The objections raised by the writ applicant came to be disposed of vide the order dated 01.11.2018 on the ground that the writ applicant/assessee had received share of profit from the firm and such share received by the writ applicant/assessee as per the partnership deed would include the remuneration and interest which has not been debited from the profit and loss account of the firm.
Observation of the Tribunal
The ITAT adjudicated the controversy as regards the deduction of remuneration/interest on the partners capital not claimed by the assessee i.e. the partnership firm in its profit and loss account. The Tribunal took notice of the fact that the CIT Appeals had directed to tax the amount of remuneration/interest on the partners capital account in the hands of the partners. The AO had allowed the claim of the deduction for the remuneration/interest on the partners capital account however, the same was added back by the AO on the ground that it was not claimed as a deduction in the profit and loss account. The CIT Appeals directed to delete the addition made in the hands of the firm and further directed to tax the same in the hands of the partner of the firm. The aforesaid was not approved by the Tribunal taking the view that there was no good ground to tax the remuneration/interest on the capital in the hands of the partners and the CIT(Appeal) could be said to have exceeded its jurisdiction by issuing such directions to the AO for the dispute which was not arising from the order of the AO.
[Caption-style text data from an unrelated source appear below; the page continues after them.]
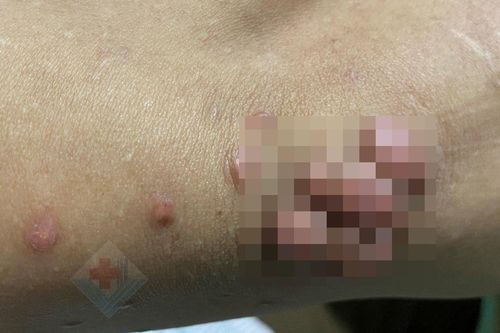 Người đàn ông mọc nhiều khối u trên cơ thể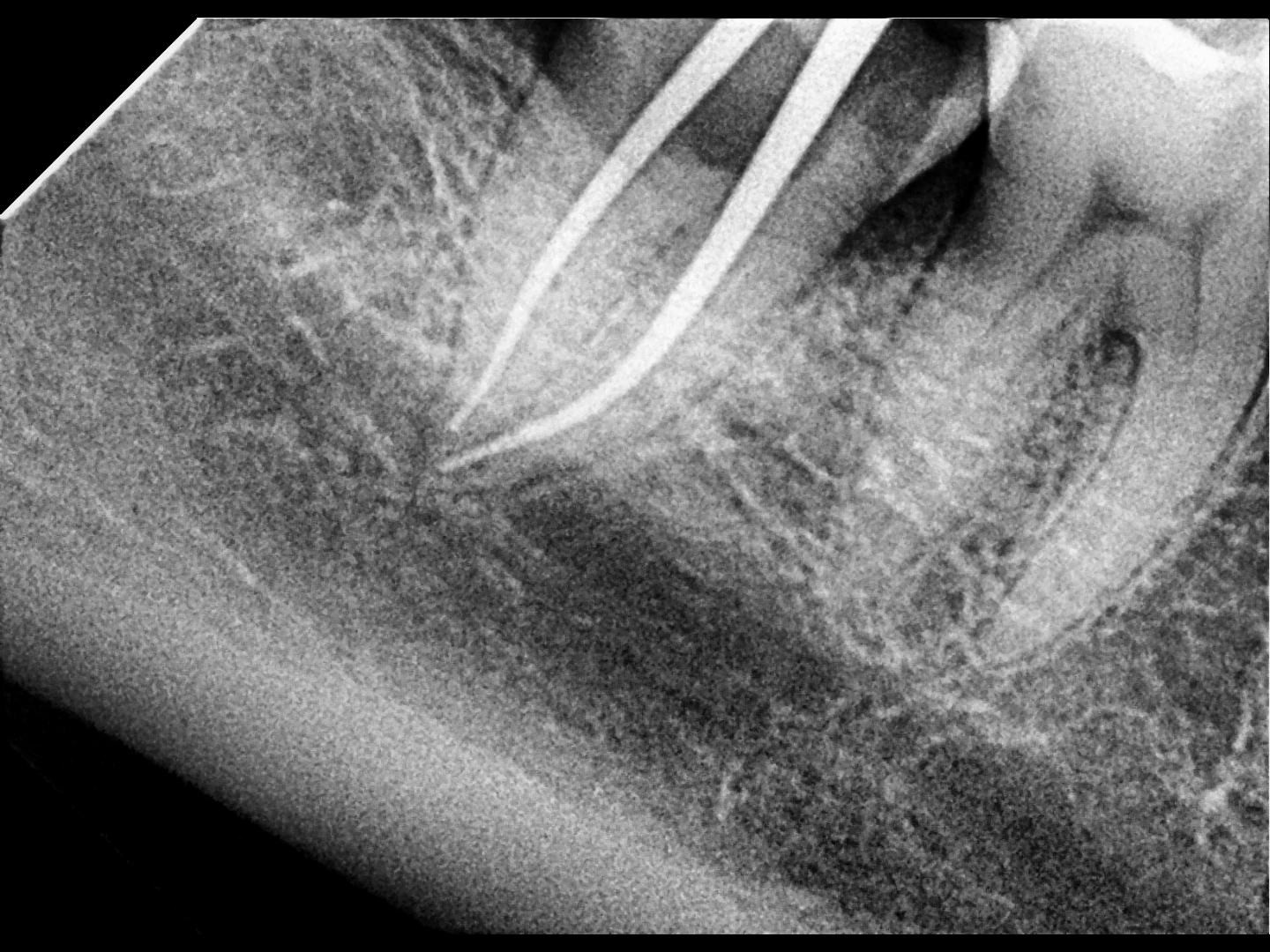 Clinical radiograph from a root canal treatment performed at Ramos Dental.
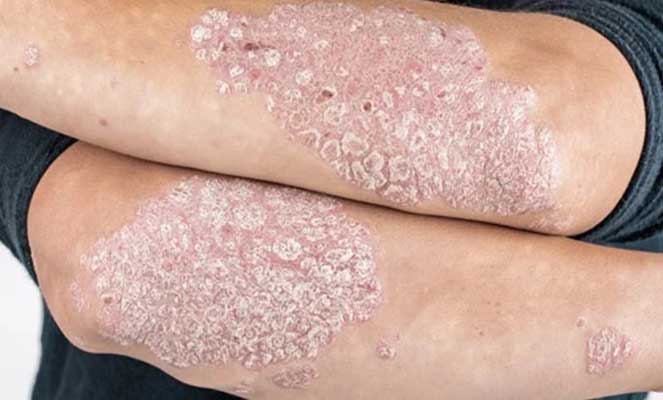 Medicamentos Biológicos para Psoríase: Nomes e Funcionamento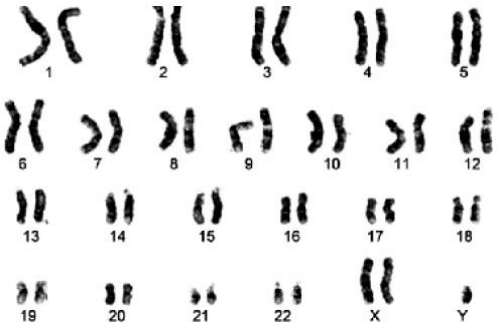 Alternativa b: cariótipo com pares numerados 1–22 e cromossomos sexuais X e Y.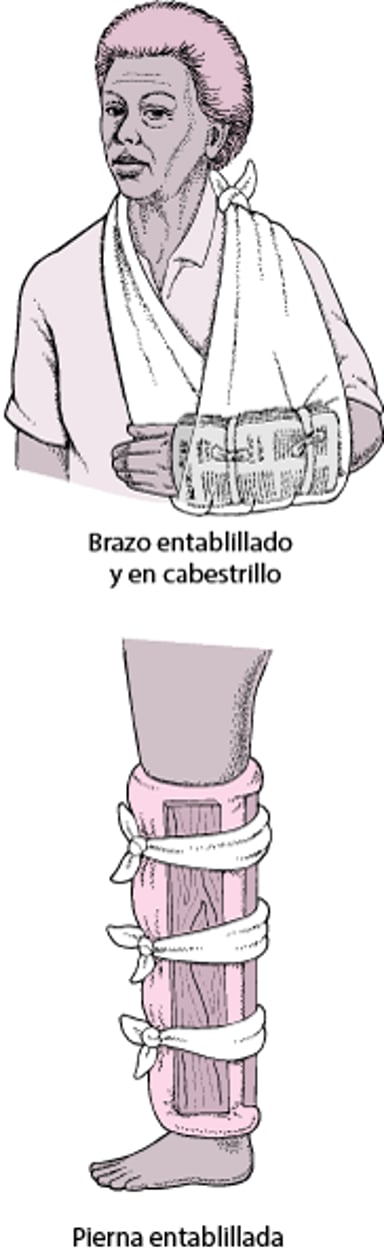 Férulas más usadas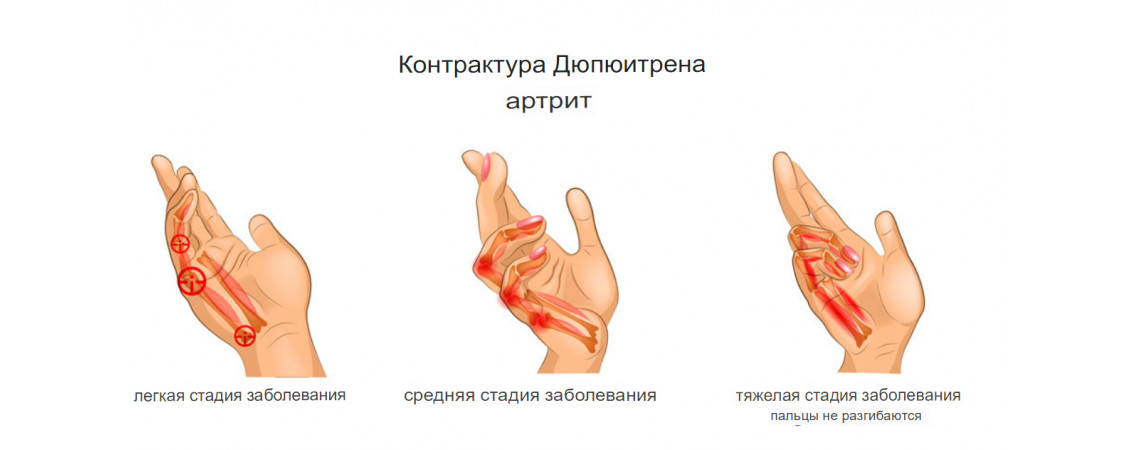 Болезнь Дюпюитрена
In view of such findings recorded by the Appellate Tribunal, nothing survives in the present matter so far as the reopening of the assessment of the partner of the partnership firm is concerned. At this stage, Mr. Soparkar, pointed out that a Coordinate Bench of this Court while issuing Notice vide order dated 28.11.2018, had directed by way of ad-interim relief that the final order shall not be passed without the permission of the Court. However, the final order of assessment ultimately came to be passed. In such circumstances, the Co-ordinate Bench vide order dated 04.10.2021 directed that there shall be no coercive action inclusive of penalty in connection with the order of the assessment. In view of the aforesaid, even the final order of assessment will have to be quashed and set aside.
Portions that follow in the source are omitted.